Determining Rates

• Feb 18th 2009, 05:00 PM
calc_student09
Determining Rates
A conical reservoir has a depth of 24 feet and a circular top of radius 12 feet. It is being filled so that the depth of water i increasing at a constant rate of 4 feet per hour. Determine the rate in cubic feet per hour at which water is entering the reservoir when the depth is 5 feet.

I know that A= 1/3(pi)hr^2 but i havent done rates for a while and I don't remember how to do this. Its calc ab
• Feb 18th 2009, 05:23 PM
skeeter
$V = \frac{\pi}{3}r^2 h
$

$\frac{r}{h} = \frac{12}{24}$ ... $r = \frac{h}{2}$

sub in h/2 for r, and get the volume formula strictly in terms of h ...

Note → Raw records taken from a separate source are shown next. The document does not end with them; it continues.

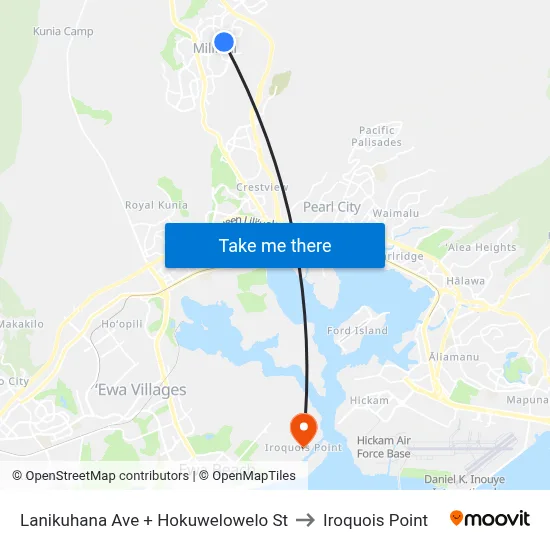 Lanikuhana Ave + Hokuwelowelo St to Iroquois Point map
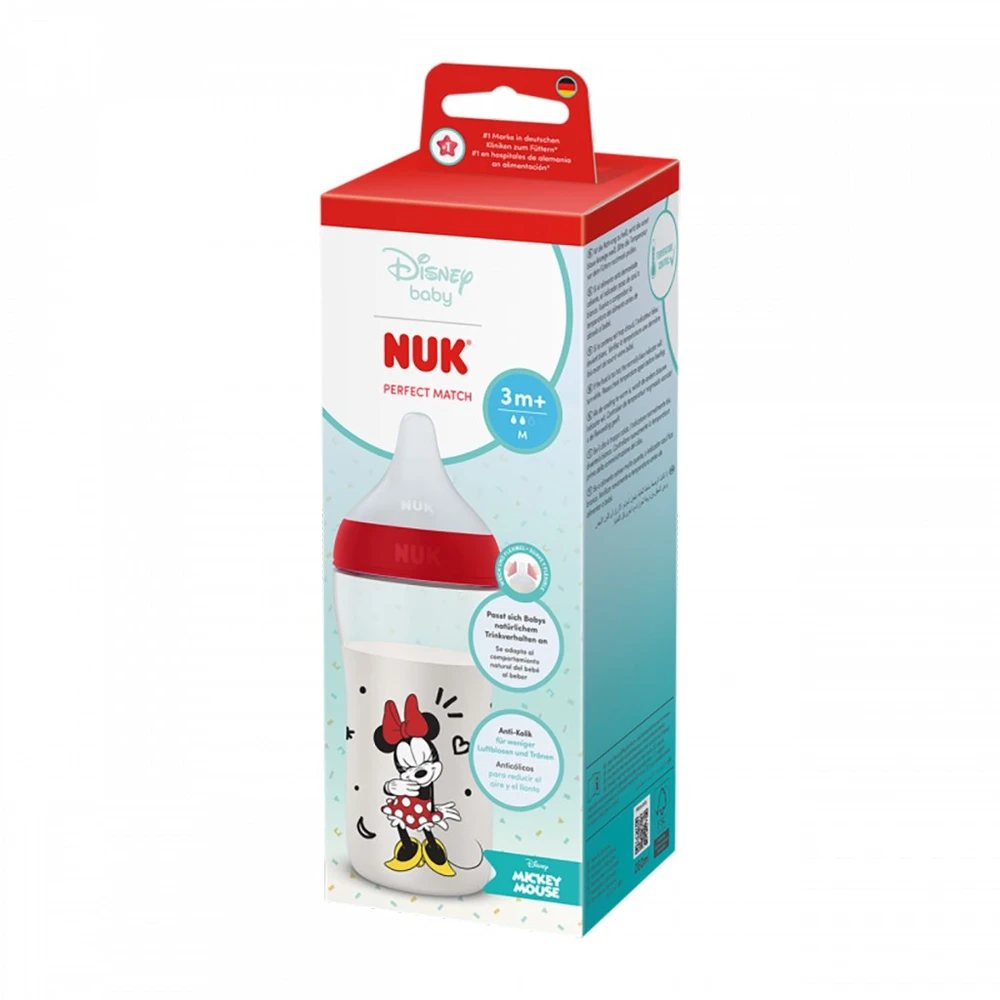 NUK Perfect Match kūdikio buteliukas su temperatūros kontrole Disney Minnie 260 ml raudonas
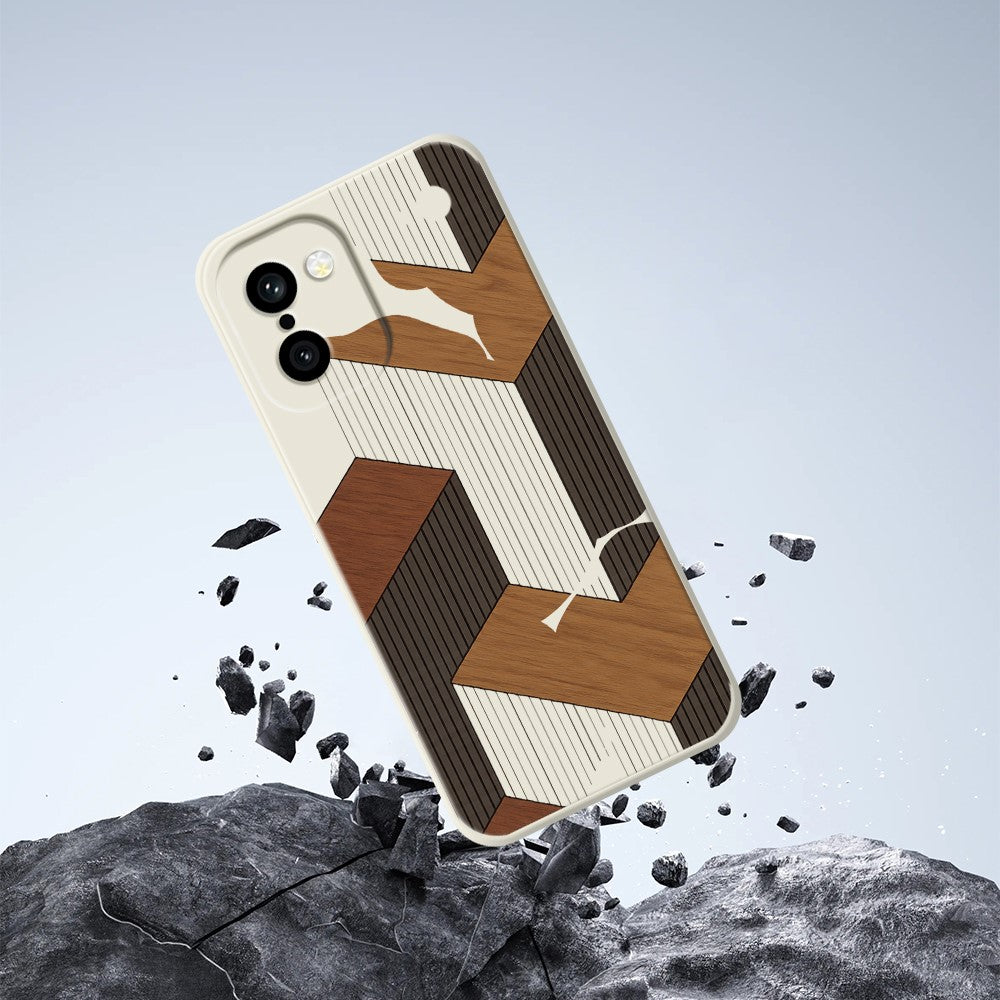 OnePlus 15R 5G / Ace 6T 5G skal geometriskt träådringsmönster tryck rak kant TPU mobil baksida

$V = \frac{\pi}{3}\left(\frac{h}{2}\right)^2 h$

$V = \frac{\pi}{12}h^3$

now take the time derivative and determine $\frac{dV}{dt}$
• Feb 19th 2009, 06:19 PM
OnMyWayToBeAMathProffesor
so then $\frac{dv}{dt}=\frac{3\pi}{12}h^2=\frac{\pi}{4}h^2$. I get that, I would think you would just plug in 5 to get $\frac{dv}{dt}$ but then where does the 4 feet per hour come in? Thanks for everyones help.
• Feb 19th 2009, 06:39 PM
skeeter
Quote:

Originally Posted by OnMyWayToBeAMathProffesor
so then $\frac{dv}{dt}=\frac{3\pi}{12}h^2=\frac{\pi}{4}h^2$. I get that, I would think you would just plug in 5 to get $\frac{dv}{dt}$ but then where does the 4 feet per hour come in? Thanks for everyones help.

chain rule ...

$\frac{dV}{dt} = \frac{\pi}{4} h^2 \cdot \frac{dh}{dt}$
• Feb 19th 2009, 06:49 PM
OnMyWayToBeAMathProffesor
aaaa, i see. Sorry, I totally forgot about that. But is my $\frac{dv}{dt}$ formula correct? My peers got different derivative equations. If it is, this would be the subsequent work.

$\frac{dV}{dt} = \frac{\pi}{4} h^2 \cdot \frac{dh}{dt}$

$\frac{dV}{dt}=\frac{\pi}{4} (5)^2 \cdot (4)$

$\frac{dV}{dt}=25\pi$

correct?
• Feb 19th 2009, 06:57 PM
skeeter
units for $\frac{dV}{dt}$ ?
• Feb 19th 2009, 07:05 PM
OnMyWayToBeAMathProffesor
Thanks for catching that, so $\frac{dV}{dt}=25\pi$ feet per hour

correct?